Il faut faire rendre gorge à tous ces banquiers qui se sont enrichis sur le dos des pauvres. Il y a aux USA vingt-cinq grosses légumes qui ont accumulé, ces cinq dernières années, 3,1 milliards de dollars dans leurs poches, par le biais de la spéculation (Marianne, toujours). Il faut tout simplement confisquer leur fortune si mal acquise au lieu de demander à leurs victimes de réparer les dégâts dont ces avides se sont rendus responsables.
Mais je reste perplexe. Car je me suis laissé dire (mais je n'ai pas vérifié la nouvelle) que le numéro 2 de la Caisse d'Epargne, ce responsable qui a si spectaculairement démissionné du Directoire, vient d'être nommé le numéro 1 du Crédit Foncier. Si cela est vrai, c'est tout simplement scandaleux. Ce monsieur a été très bien payé pour faire tourner au mieux son établissement, pour en surveiller le fonctionnement. On ne peut pas vraiment dire qu'il y a réussi. Les hommes politiques qui couvrent ces pratiques ont-ils le droit de demander des sacrifices à leurs concitoyens ? Poser la question, c'est je crois donner la réponse.
3 commentaires:
En ce funeste anniversaire du Jeudi Noir de 1929. Le jour où la panique gagna les bourses de New York. Je préfère me rappeler de l'homme de la situation, Franklin Delano Roosevelt avec son New Deal puis son Bretton Woods.

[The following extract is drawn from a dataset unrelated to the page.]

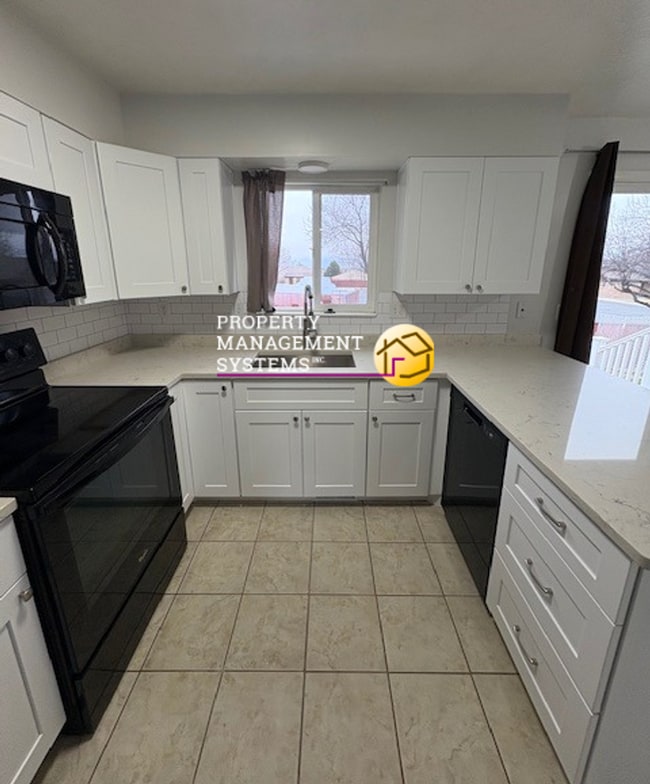 Building Photo - Lovely 3 Bedroom Rambler in West Jordan!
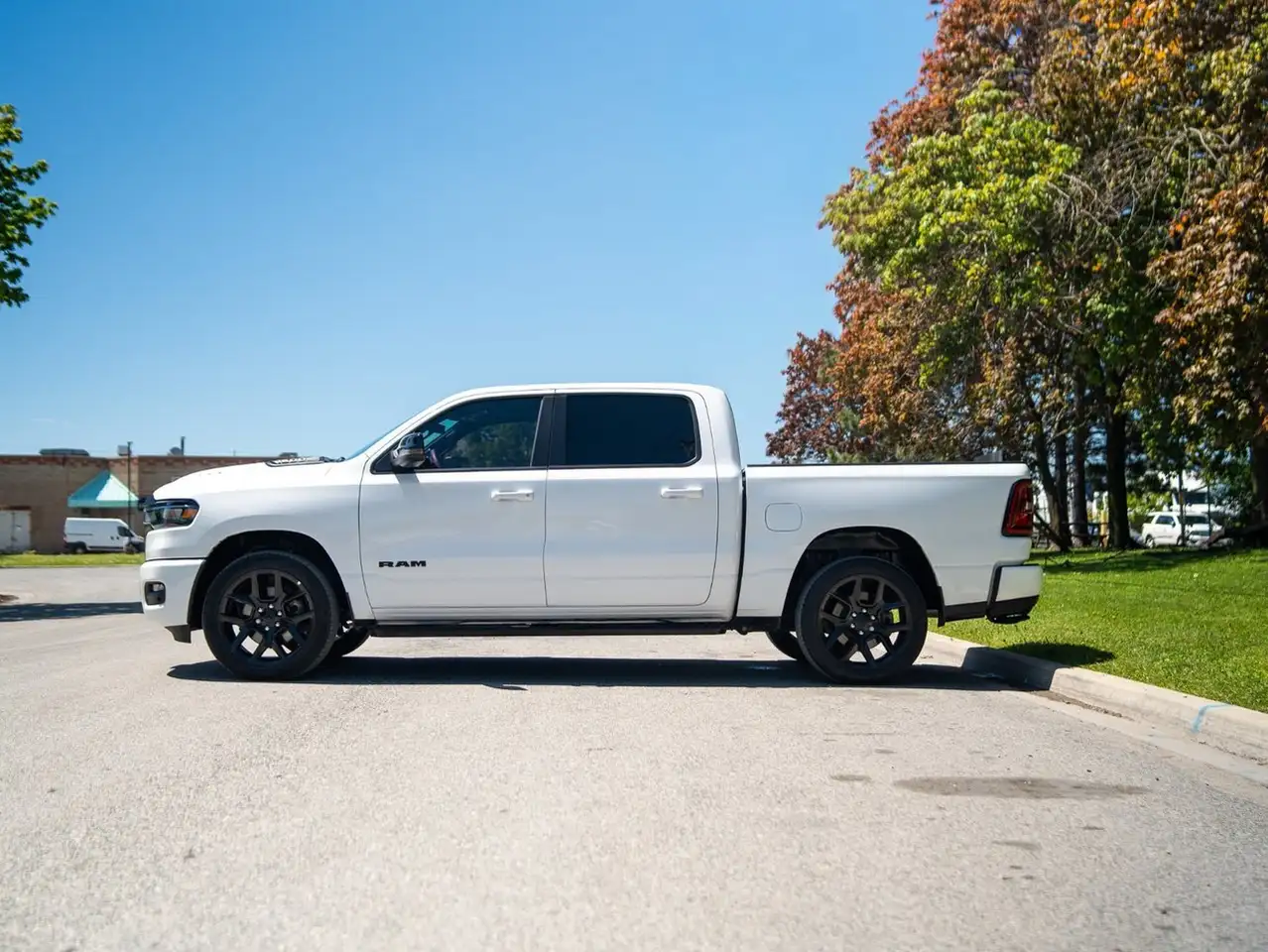RAM 1500 снимка RAM 1500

Aujourd'hui, une fois encore, nous avons pu s'apercevoir que la crise n'est pas derrière nous. Nous sommes en plein dedans. La destruction de l'économie réelle s'accélère. Et avec les plans fous de renflouement du système, le risque d'une crise d'HYPERINFLATION augmente chaque jour! L’existence même des nations est mise en cause !
Hier, devant un parterre de dirigeants de Hedge Fund, Nouriel Roubini déclare que le pire est à venir.
La solution aujourd'hui! Dire stop à la folie de la tyrannie financière avec un VRAI Nouveau Bretton Woods!
Une bataille s'est engagée entre les dirigeants politiques autour du contenu du sommet sur la crise financière qui se tiendra le 15 novembre 2008 à Washington.
La population doit s'accaparer le débat! A toi la Parole!
David C.
david.cabas.over-blog.fr
Je publie aujourd'hui même un billet, intitulé : messieurs remboursez !
Merci de vos remarques.
La question que je posais dans mon commentaire, c'est justement comment faire la dette a ceux qui ont détruit le système.